* Work required
Nothing in the data should change when you return it, but leave the pictures out.

* Data provided
>>>>>

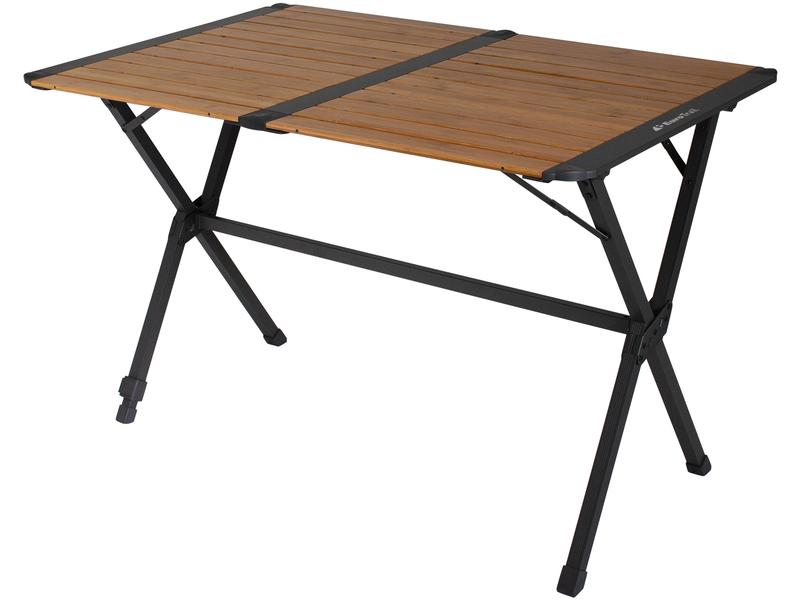 Eurotrail Campingtisch Chambery Bamboo 110 cm x 70 cm Camping-Esstisch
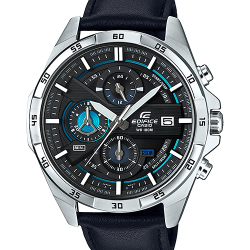 CASIO EDIFICE นาฬิกาข้อมือ นาฬิกากันน้ำ นาฬิกาของแท้ ประกันศูนย์ CMG 1 ปี รุ่น EFR-556L-1A นาฬิกาสีดำ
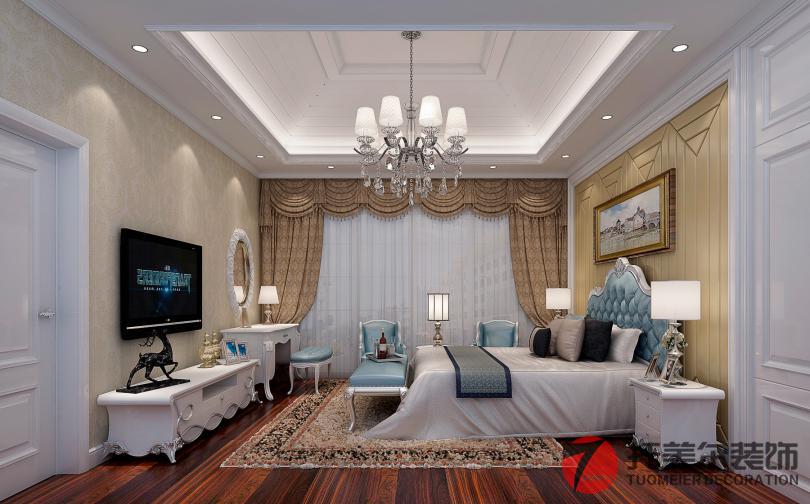 觀瀾國際200平歐式風格裝修效果圖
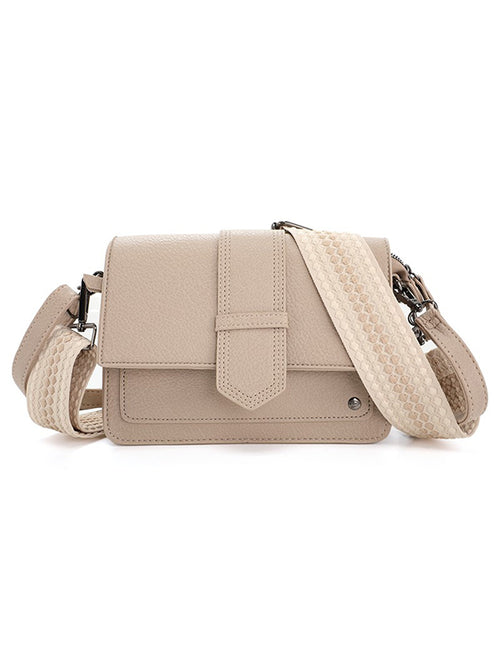 Taupe Capri schoudertasje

<<<<<

* Answer to the problem
 Eurotrail Campingtisch Chambery Bamboo 110 cm x 70 cm Camping-Esstisch
 CASIO EDIFICE นาฬิกาข้อมือ นาฬิกากันน้ำ นาฬิกาของแท้ ประกันศูนย์ CMG 1 ปี รุ่น EFR-556L-1A นาฬิกาสีดำ
 觀瀾國際200平歐式風格裝修效果圖
 Taupe Capri schoudertasje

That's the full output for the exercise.